Catherynne M. Valente's first "major release," The Orphan's Tale: In the Night Garden, differs significantly from the other finalists. While the other three finalists that I reviewed so far were either the beginning or the continuation of a multi-volume saga, Valente's book is not so much a novel as it is a frame story that has dozens of other stories nested within it. This makes for a reading experience that is unlike most of the fiction that is published under the SF aegis every year.
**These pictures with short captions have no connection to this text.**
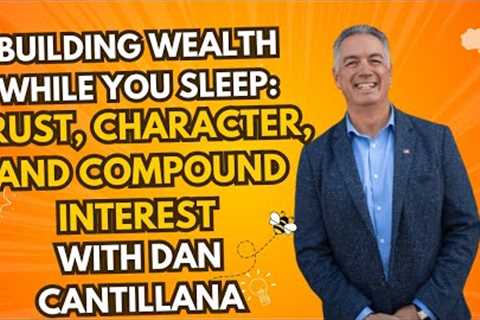 Building Wealth While You Sleep: Trust, Character, and Compound Interest with Dan Cantillana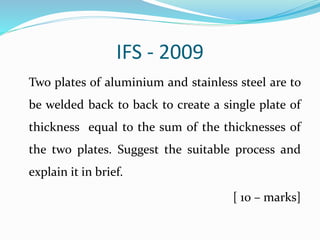IFS - 2009
Two plates of aluminium and stainless steel are to
be welded back to back to create a single plate of
thickness equal to the sum of the thicknesses of
the two plates. Suggest the suitable process and
explain it in brief.
[ 10 – marks]
 
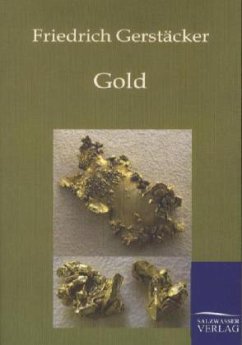 Gold - Gerstäcker, Friedrich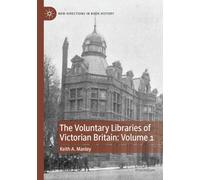 The Voluntary Libraries of Victorian Britain: Volume 1 (New Directions in Book History)
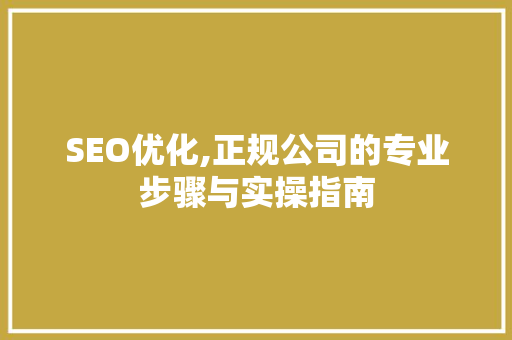 SEO优化,正规公司的专业步骤与实操指南 SEO优化,正规公司的专业步骤与实操指南 搜狗SEO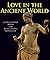 Love in the Ancient World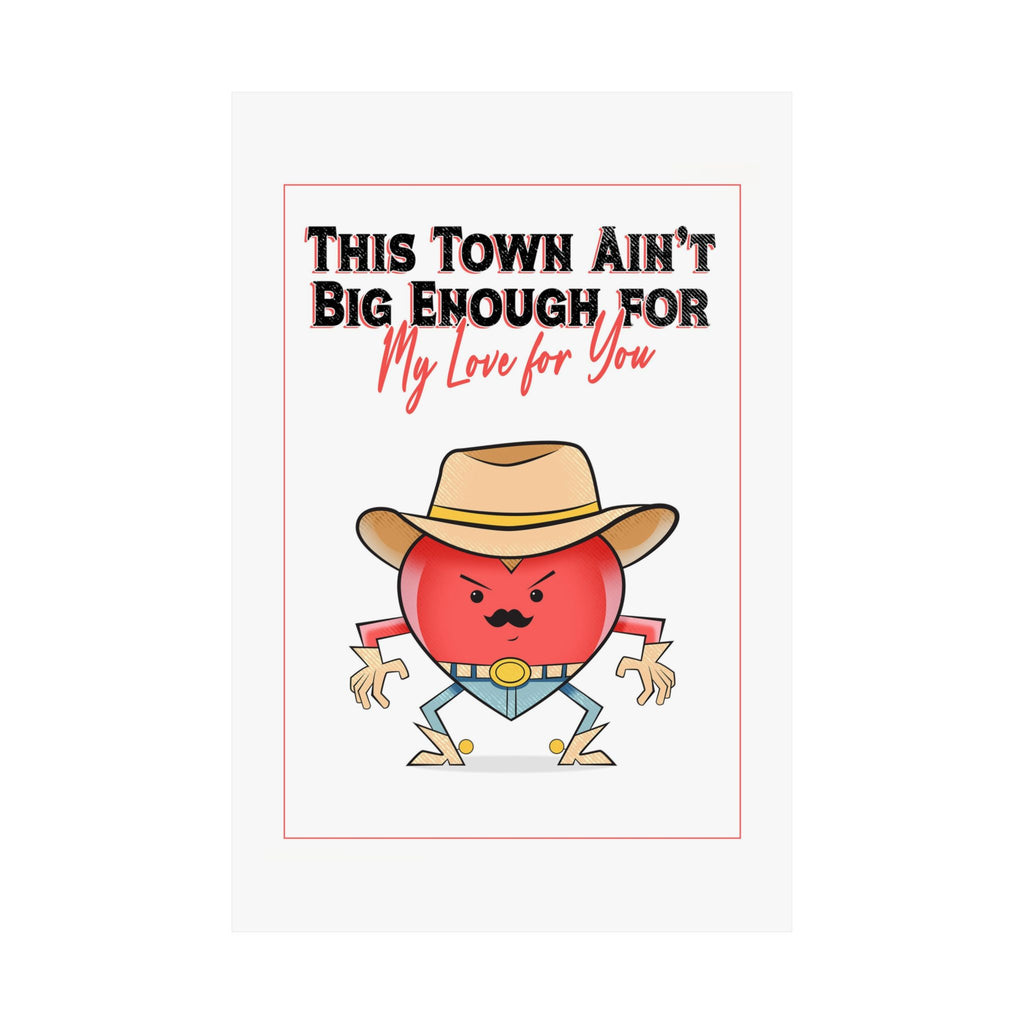 Cowboy Heart Poster — "This Town Ain't Big Enough... For My Love For You" Matte Vertical Print
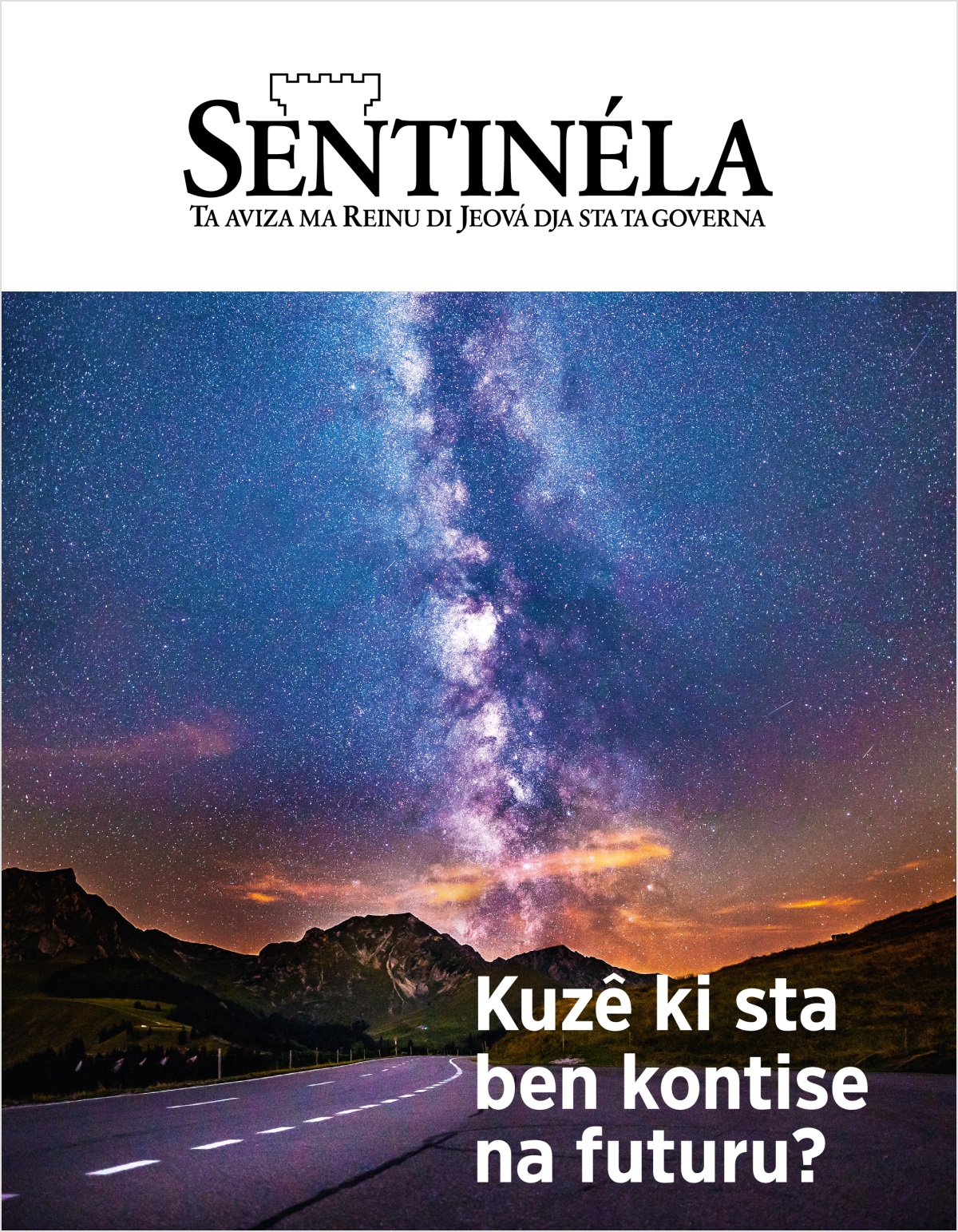 Revista Sentinéla nunbru 2 di 2018 | Kuzê ki sta ben kontise na futuru?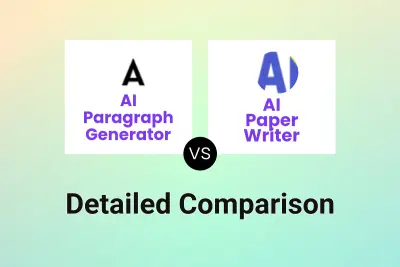 AI Paragraph Generator vs AI Paper Writer Detailed comparison features, price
Whether or not one will enjoy this type of story depends heavily upon the skills of the author and how well each story relates to each other and to the frame story.
The Basics:The Orphan's Tale: In the Night Garden is the first volume of a duology (the second volume, The Orphan's Tale: In the Cities of Coin and Spice, is due to be released next week in the US). It opens with a deceivingly simple frame story: A girl with odd, tattooed eyes has been sequestered in a garden. Nearby, a boy prince lives. Curious, this boy wanders into this forbidden zone and he and the girl strike up a conversation. Fascinated by her eyes, the prince becomes more and more enthralled with the stories that she begins to tell. These stories, which often involve people, animals, and situations that might at first glance seem akin to those of The Arabian Nights, quickly bend and twist preconceived notions of how a fairy tale ought to commence and end. Monsters have a sensitive side. Transformations occur that are not wholly undesired. Dreams beget dreams and a whole host of possibilities and alternate meanings arise within the texts of stories that feel "familiar" to readers. And through it all, these themes revert back to the frame tale and perhaps to our own fascination with stories and the imagined possibilities that fairy tales bear. This volume ends with dawn breaking and the stories ending; albeit only for a time and perhaps with a more ominous tale to emerge from this meeting of the prince and the mysterious tattooed girl.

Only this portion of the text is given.